- Appointed: 15 January 2025
- Predecessor: Mauro Lalli
- Other post: Titular Archbishop of Tolentino
- Previous post: Permanent Observer to United Nations WTO (2016-2025);

Orders
- Ordination: 21 June 1986
- Consecration: 22 February 2025 by Pietro Parolin, Oscar Cantoni, Edgar Peña Parra and Francesco Beschi

Personal details
- Born: July 20, 1962 (age 63) Capriate San Gervasio, Bergamo, Italy
- Motto: Non Alta Sapientes

= Maurizio Bravi =

Italian priest of the Catholic Church

Maurizio Claudio Bravi (born 20 July 1962) is an Italian priest of the Catholic Church who has worked in the diplomatic service of the Holy See since 1995 and has served as the Permanent Observer of the Holy See to the World Tourism Organization (UNWTO) from 2016 to 2025. On 15 January 2025, he was appointed as apostolic nuncio to Papua New Guinea and the Solomon Islands.

==Biography==
Maurizio Claudio Bravi was born on 20 July 1962 in Capriate San Gervasio, Bergamo, Italy. He studied at the local seminary and earned his bachelor's degree at the Theological Faculty of Northern Italy. He was ordained a priest of the Diocese of Bergamo on 21 June 1986, and spent the next five years at the parish of San Michele in Leffe.

==Diplomatic career==
In 1991 he began his preparation for a diplomatic service of the Pontifical Ecclesiastical Academy. He also studied at the Pontifical Gregorian University, earning his licenciate in 1993 and his doctorate in 1995 with a dissertation on the Synod of Bishops. In 1995, he entered the service of diplomacy of the Holy See on 1 July 1995 and fulfilled assignments in the Dominican Republic (1995-1998) and Argentina (1998-2000); then in the offices of the Secretariat of State; and in France (2006-2011) and Canada (2011-2016).

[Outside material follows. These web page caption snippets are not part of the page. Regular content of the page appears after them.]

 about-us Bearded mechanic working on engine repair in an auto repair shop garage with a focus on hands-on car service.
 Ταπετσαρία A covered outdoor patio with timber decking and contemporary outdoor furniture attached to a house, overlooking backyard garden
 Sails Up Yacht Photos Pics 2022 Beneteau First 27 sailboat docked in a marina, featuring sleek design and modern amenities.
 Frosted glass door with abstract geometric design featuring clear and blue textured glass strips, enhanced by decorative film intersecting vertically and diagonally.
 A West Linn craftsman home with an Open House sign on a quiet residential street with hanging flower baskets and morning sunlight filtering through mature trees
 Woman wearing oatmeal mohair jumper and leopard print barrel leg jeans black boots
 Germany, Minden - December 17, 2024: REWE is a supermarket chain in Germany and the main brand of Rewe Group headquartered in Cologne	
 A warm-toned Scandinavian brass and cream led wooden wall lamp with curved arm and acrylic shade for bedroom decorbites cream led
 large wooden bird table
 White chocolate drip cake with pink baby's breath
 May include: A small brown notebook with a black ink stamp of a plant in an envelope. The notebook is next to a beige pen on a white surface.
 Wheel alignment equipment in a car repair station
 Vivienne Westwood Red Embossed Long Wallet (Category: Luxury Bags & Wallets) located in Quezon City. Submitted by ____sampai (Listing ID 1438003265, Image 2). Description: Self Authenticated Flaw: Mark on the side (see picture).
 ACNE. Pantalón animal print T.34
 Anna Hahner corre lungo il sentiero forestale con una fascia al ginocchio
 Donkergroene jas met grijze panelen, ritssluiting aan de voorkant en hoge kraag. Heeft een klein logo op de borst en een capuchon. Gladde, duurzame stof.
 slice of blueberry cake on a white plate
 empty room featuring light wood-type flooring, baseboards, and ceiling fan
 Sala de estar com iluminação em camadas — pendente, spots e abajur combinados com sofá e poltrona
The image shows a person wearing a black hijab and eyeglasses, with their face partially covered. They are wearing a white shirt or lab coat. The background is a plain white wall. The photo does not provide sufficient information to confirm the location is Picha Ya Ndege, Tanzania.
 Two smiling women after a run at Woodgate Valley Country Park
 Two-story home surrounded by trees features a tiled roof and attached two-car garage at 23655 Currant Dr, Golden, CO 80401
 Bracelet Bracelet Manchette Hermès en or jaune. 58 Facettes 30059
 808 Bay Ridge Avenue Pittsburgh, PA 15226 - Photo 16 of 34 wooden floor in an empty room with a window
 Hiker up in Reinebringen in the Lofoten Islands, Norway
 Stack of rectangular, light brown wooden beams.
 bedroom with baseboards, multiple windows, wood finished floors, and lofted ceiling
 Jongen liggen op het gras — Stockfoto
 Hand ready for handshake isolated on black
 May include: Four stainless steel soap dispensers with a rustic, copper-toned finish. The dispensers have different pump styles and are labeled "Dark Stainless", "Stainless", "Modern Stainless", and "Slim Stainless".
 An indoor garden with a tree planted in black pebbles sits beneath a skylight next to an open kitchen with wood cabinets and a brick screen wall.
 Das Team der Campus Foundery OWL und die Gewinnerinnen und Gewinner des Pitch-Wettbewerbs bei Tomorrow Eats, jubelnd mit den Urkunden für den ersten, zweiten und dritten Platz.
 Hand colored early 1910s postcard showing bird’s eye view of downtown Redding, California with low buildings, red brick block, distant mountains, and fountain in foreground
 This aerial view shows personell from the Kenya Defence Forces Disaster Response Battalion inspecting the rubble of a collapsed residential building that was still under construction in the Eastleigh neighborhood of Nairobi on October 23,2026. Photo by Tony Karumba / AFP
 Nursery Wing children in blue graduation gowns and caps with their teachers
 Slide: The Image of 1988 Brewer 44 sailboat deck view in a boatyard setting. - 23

On 27 February 2016, Pope Francis appointed him Permanent Observer of the Holy See to the World Tourism Organization in Madrid. (Note: This post was previously held by senior diplomats, archbishops serving as nuncio to Spain: Renzo Fratini (2009–2019) and Manuel Monteiro de Castro (2007–2008))

On 15 January 2025, he was appointed Nuncio to Papua New Guinea and the Solomon Islands. He was consecrated on 22 February 2025.